Deux ans après avoir obtenu le Prix de Rome, Guérin présente au Salon de 1799 un tableau qui lui vaut un triomphe. Le peintre débutant, élève de Jean-Baptiste Regnault, le grand rival de David, est plébiscité par le public mais aussi par ses pairs qui couronnent l’œuvre de lauriers et célèbrent le talent de l’auteur lors d’un banquet solennel. Le livret présente le sujet en ces termes : « Marcus Sextus, échappé aux proscriptions de Sylla, trouve à son retour sa fille en pleurs auprès de sa femme expirée ». L’épisode est imaginaire. La référence à l’histoire antique n’est qu’un prétexte pour évoquer l’histoire contemporaine. Pour le public qui se presse devant l’œuvre, le message est clair : Marcus Sextus, aristocrate romain victime des proscriptions de Sylla, devient le symbole des émigrés français qui, à leur retour, trouvent leurs propriétés pillées et leurs familles décimées. L’interprétation de la scène est d’ailleurs largement et très explicitement commentée par les critiques ainsi qu’en témoigne cet article paru dans Le Bulletin de l’Europe : « Il n’est pas un coin de la France où le tableau de Guérin ne réveillât des souvenirs, ne rouvrit des cicatrices, ne ranimât des cendres au fond des tombeaux.

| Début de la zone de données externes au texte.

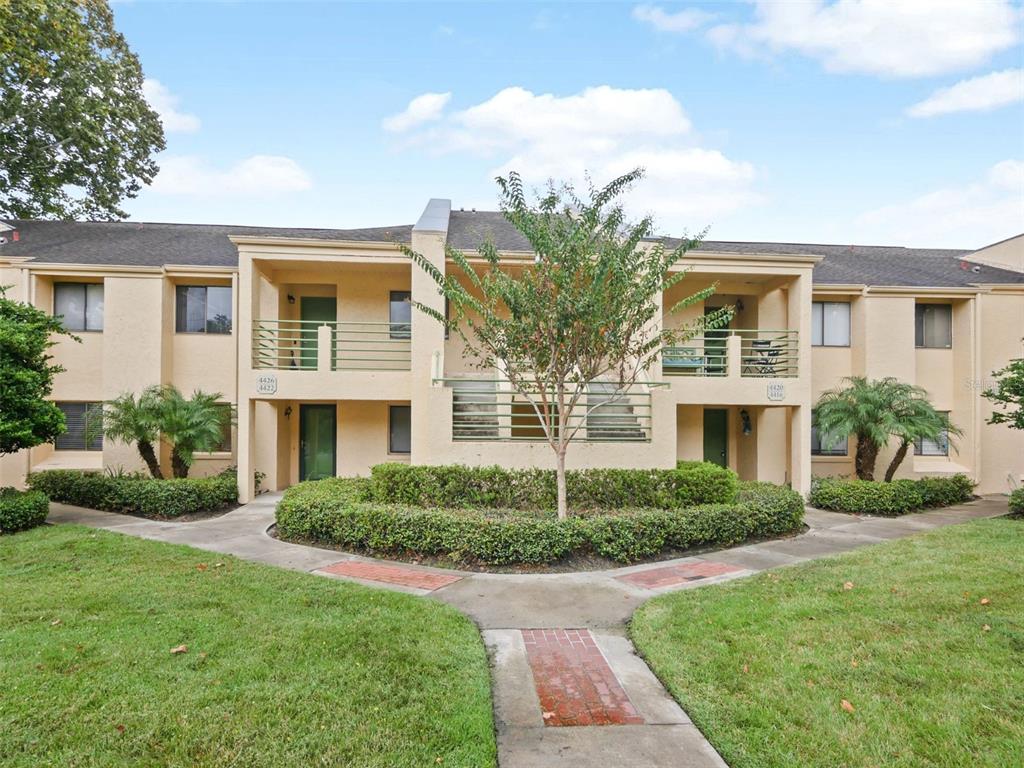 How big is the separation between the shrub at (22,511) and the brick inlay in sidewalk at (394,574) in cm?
597

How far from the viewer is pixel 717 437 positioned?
14102 millimetres

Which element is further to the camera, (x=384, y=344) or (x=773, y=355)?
(x=384, y=344)

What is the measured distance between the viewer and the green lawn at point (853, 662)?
306cm

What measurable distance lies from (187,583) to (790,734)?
5.98 meters

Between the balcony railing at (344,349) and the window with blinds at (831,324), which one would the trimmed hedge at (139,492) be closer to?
the balcony railing at (344,349)

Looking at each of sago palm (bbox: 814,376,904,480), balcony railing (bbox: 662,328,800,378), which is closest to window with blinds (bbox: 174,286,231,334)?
balcony railing (bbox: 662,328,800,378)

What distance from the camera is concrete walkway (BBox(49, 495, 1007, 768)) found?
10.4ft

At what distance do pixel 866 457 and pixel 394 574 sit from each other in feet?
37.2

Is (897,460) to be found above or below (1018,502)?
above

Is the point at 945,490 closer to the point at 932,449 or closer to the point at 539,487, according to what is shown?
the point at 932,449

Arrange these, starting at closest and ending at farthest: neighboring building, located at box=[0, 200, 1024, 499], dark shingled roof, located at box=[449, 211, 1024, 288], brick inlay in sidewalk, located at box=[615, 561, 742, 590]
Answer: brick inlay in sidewalk, located at box=[615, 561, 742, 590]
neighboring building, located at box=[0, 200, 1024, 499]
dark shingled roof, located at box=[449, 211, 1024, 288]

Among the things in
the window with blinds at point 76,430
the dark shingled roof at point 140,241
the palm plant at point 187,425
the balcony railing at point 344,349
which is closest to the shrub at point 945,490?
the balcony railing at point 344,349

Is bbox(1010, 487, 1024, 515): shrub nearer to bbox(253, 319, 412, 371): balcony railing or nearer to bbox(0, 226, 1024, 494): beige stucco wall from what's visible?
bbox(0, 226, 1024, 494): beige stucco wall

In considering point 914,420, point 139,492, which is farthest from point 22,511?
point 914,420
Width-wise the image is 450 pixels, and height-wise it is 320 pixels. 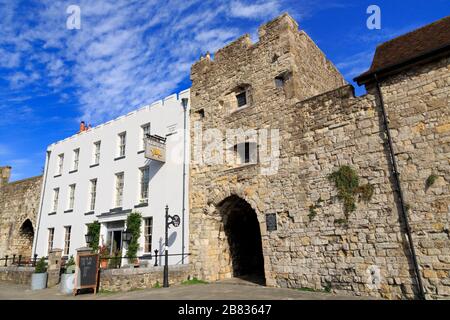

C’est un feuillet du livre de nos destinées et il condamne également Sylla et Robespierre ! ». Le retour de Marcus Sextus connaît un tel succès que Guérin présentera la toile au Concours décennal de 1812.

L’œuvre appartient au plus pur néoclassicisme. La composition géométrique dessine une croix, formée par la verticale de Marcus Sextus et l’horizontale de son épouse défunte. La frontalité et l’immobilité du proscrit donnent une force dramatique particulière à la scène, dramaturgie renforcée par la vive lumière baignant le corps de la morte et le contre-jour dans lequel se trouve Sextus. Le mélodrame en se faisant l’écho d’une actualité douloureuse se teinte ici d’une portée idéologique. Le tableau de Guérin est une œuvre politique qui répond au sentiment populaire post-révolutionnaire. En dénonçant la Révolution sanguinaire, il confirme que celle-ci est bien terminée et que l’heure est désormais à la réconciliation nationale.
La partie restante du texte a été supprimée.